++++ RECORDS FOR THE TASK

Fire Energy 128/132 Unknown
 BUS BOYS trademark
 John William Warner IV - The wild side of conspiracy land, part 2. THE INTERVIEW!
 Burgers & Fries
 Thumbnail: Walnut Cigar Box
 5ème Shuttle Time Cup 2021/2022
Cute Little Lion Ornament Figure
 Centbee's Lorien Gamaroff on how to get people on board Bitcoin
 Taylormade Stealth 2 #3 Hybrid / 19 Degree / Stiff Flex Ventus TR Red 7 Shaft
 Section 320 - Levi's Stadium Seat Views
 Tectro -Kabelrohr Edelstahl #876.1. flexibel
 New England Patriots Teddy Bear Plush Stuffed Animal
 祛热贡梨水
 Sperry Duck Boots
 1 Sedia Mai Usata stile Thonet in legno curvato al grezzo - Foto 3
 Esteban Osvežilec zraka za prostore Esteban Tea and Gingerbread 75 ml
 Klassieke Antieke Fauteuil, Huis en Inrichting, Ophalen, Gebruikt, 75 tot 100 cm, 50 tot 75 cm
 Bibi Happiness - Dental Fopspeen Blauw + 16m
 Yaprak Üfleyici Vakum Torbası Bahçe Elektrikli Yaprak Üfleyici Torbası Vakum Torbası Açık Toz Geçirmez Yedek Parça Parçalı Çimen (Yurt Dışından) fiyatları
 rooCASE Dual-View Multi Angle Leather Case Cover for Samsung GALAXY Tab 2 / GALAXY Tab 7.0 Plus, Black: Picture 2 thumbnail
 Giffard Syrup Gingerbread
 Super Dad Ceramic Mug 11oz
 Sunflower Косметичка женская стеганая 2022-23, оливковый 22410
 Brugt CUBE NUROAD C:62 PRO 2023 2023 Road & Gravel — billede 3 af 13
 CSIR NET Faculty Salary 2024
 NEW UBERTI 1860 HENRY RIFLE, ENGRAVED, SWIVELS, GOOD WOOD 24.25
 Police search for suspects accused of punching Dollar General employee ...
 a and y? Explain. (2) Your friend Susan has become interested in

++++++++

WORK TO COMPLETE: Using the entries above, give again each line from the one containing "Esteban Osvežilec zraka" through the last line, exactly and only those.

TASK SOLUTION:
 Esteban Osvežilec zraka za prostore Esteban Tea and Gingerbread 75 ml
 Klassieke Antieke Fauteuil, Huis en Inrichting, Ophalen, Gebruikt, 75 tot 100 cm, 50 tot 75 cm
 Bibi Happiness - Dental Fopspeen Blauw + 16m
 Yaprak Üfleyici Vakum Torbası Bahçe Elektrikli Yaprak Üfleyici Torbası Vakum Torbası Açık Toz Geçirmez Yedek Parça Parçalı Çimen (Yurt Dışından) fiyatları
 rooCASE Dual-View Multi Angle Leather Case Cover for Samsung GALAXY Tab 2 / GALAXY Tab 7.0 Plus, Black: Picture 2 thumbnail
 Giffard Syrup Gingerbread
 Super Dad Ceramic Mug 11oz
 Sunflower Косметичка женская стеганая 2022-23, оливковый 22410
 Brugt CUBE NUROAD C:62 PRO 2023 2023 Road & Gravel — billede 3 af 13
 CSIR NET Faculty Salary 2024
 NEW UBERTI 1860 HENRY RIFLE, ENGRAVED, SWIVELS, GOOD WOOD 24.25
 Police search for suspects accused of punching Dollar General employee ...
 a and y? Explain. (2) Your friend Susan has become interested in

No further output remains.